Madrid moves closer to ban on putting down abandoned pets

Regional lawmakers back bill to end euthanization of unclaimed animals

Volunteers from the El Refugio animal protection association celebrate the Madrid regional assembly’s decision to study changing abandoned pet laws. Ampliar foto
Volunteers from the El Refugio animal protection association celebrate the Madrid regional assembly’s decision to study changing abandoned pet laws.

Mandatory euthanasia for abandoned pets that end up in pounds and shelters across Madrid may soon end now that regional lawmakers have decided to study changing the local animal protection law.

Last week, the Madrid regional parliament unanimously voted to back a proposal presented by the United Left (IU) grouping calling for, among other things, an end to the sacrificing of abandoned animals.

The initiative was begun by animal protection society El Refugio through a campaign to push for changes to the local pet laws.

Catalonia is the only Spanish region to prohibit the euthanization of abandoned animals

Catalonia is currently the only Spanish region to prohibit the euthanization of abandoned animals.

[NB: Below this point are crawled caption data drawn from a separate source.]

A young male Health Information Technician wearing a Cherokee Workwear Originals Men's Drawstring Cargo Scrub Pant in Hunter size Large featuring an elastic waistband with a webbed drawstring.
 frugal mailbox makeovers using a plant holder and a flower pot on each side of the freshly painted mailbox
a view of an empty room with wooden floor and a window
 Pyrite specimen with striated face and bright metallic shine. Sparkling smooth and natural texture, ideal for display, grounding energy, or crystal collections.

There is no national legislation regarding this issue.

The draft bill in Madrid also calls for mandatory sterilization of all pets whose owners do not plan on breeding them and fines of up to €3,000 for people who abandon animals.

Lawmakers will debate the bill during the next parliamentary term, which will begin after May’s regional elections.

Under Madrid’s 1990 Animal Protection Law, all abandoned pets picked up off the streets by municipal pound workers can be sacrificed after 10 days if their owners do not claim them.

Around 130,000 abandoned dogs and cats in Madrid were euthanized in the six years leading up to 2012, according to El Refugio figures.

But the number of abandoned animals found on the streets dropped by 12 percent during the first nine months of last year (5,458 animals picked up) compared to the same period in 2013 (6,206).

“Pretty soon no one will be able to kill any abandoned animal under the law, and those who do it will be prosecuted, put on trial, and punished,” said El Refugio’s Nacho Paunero.

Around 130,000 abandoned dogs and cats were euthanized in Madrid in the six years before 2012

El Refugio collected more than 60,000 signatures during its “zero killings” campaign demanding for changes to protection laws. El Refugio and other animal rights associations only put down pets for medical reasons.

Similar laws outlining the 10-day period before a pet is put to sleep have been passed in every Spanish region except Catalonia, which abolished the regulation in 2003.